I may be forced to try all of the above. Which...could take a while. But, I'm fopeful that my thinking on this problem will not be wasted.  I'll keep you all posted.

Comments

1

Am guessing you have a BJOL subscription amigo?  If so, here is his article explaining that he fought City Math Hall for 20 (!) years before deciding that a "points" system was the "right" way to do it for starting pitchers.  'course, Bill wasn't a math major, so simple addition and subtraction per event was a paradigm comfortable to him...

Still and all, the results were dazzling.  The #1 Starting Pitcher Rankings are everything we could ask of the FIDE rating system, both as to order and as to proportion and gaps.  As Elo said, chessplayers will tend to accept a system that falls in line with their own subjective impressions ...

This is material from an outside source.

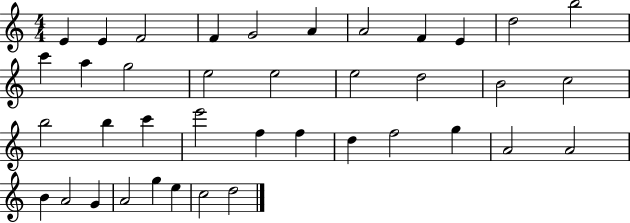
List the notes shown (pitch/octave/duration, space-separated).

E4/q E4/q F4/h F4/q G4/h A4/q A4/h F4/q E4/q D5/h B5/h C6/q A5/q G5/h E5/h E5/h E5/h D5/h B4/h C5/h B5/h B5/q C6/q E6/h F5/q F5/q D5/q F5/h G5/q A4/h A4/h B4/q A4/h G4/q A4/h G5/q E5/q C5/h D5/h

You are intent on a H2H-driven system as Arpad Elo used, so will be interesting to watch you triangulate it.  Maybe when you solve it, you'll have a proprietary-class tool there?  Wondering how well it would apply in the minors ... automatic normalization for strength of sked...

2

I note that James believes the strength of schedule is transient and constantly changing, and thus, we shouldn't spend our time trying to correct for it.  I currently believe he is incorrect in his assessment there, because (and I've shown this in the past) the strength of opposition doesn't necessarily even out over time, and because some players are actually better at "playing up" to tougher competition than others, I've observed.  It is possible that, when all of my efforts are completed and I have an Elo formula, I will discover that those things matter less than I believe they do...and James played with his tool for a long time, so maybe I'm barking up a tree he already cut down.  But I thought I should state my starting biases in thought and explain why I'm even doing any of this. :)

3

We used to listed to ELO a lot, way back in college.  Late 70's, as you know.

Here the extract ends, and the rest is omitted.